А когда придёт время говорить безбо́язно – так кого-то и в живых уже не будет?
В том и особая успешливость клеветы, когда её ведёт тоталитарное государство: в открытом обществе всякая клевета может встретить возражения, опровержения, встречные воспоминания, публикацию документов, архивов, писем. Под коммунистическим сводом ничто подобное не возможно: возразить негде, и одно движение в пользу оклеветанного грозит гибелью и защитнику.
Не я первый. Все враги большевизма до единого были оклеветаны этой ядоносной властью ещё при её становлении. Затем в СССР был оклеветан каждый осуждённый, сколько-нибудь известный, – от Пальчинского, Шляпникова, профессора Плетнёва до Огурцова и Гинзбурга в наши дни. И над многими мы трудились и трудимся, чтоб очистить их.

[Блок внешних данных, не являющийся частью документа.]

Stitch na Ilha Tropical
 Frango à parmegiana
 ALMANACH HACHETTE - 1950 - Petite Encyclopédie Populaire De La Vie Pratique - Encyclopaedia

Итак – отвечать ли мне теперь? Против меня кто только не писал за эти годы – я никому не отвечал, я работал своё. И то же АПН два сборника клевет про меня распространяло на многих языках безплатно – я не отвечал. Но представить миллионы наших соотечественников сейчас: в Советском Союзе не достанешь ни «Архипелага», ни «Телёнка», а только издательство «Прогресс». А со смертью моей и ещё многое канет – и тем более присохнет грязь – она наседчива. Ведь – кто клевещет?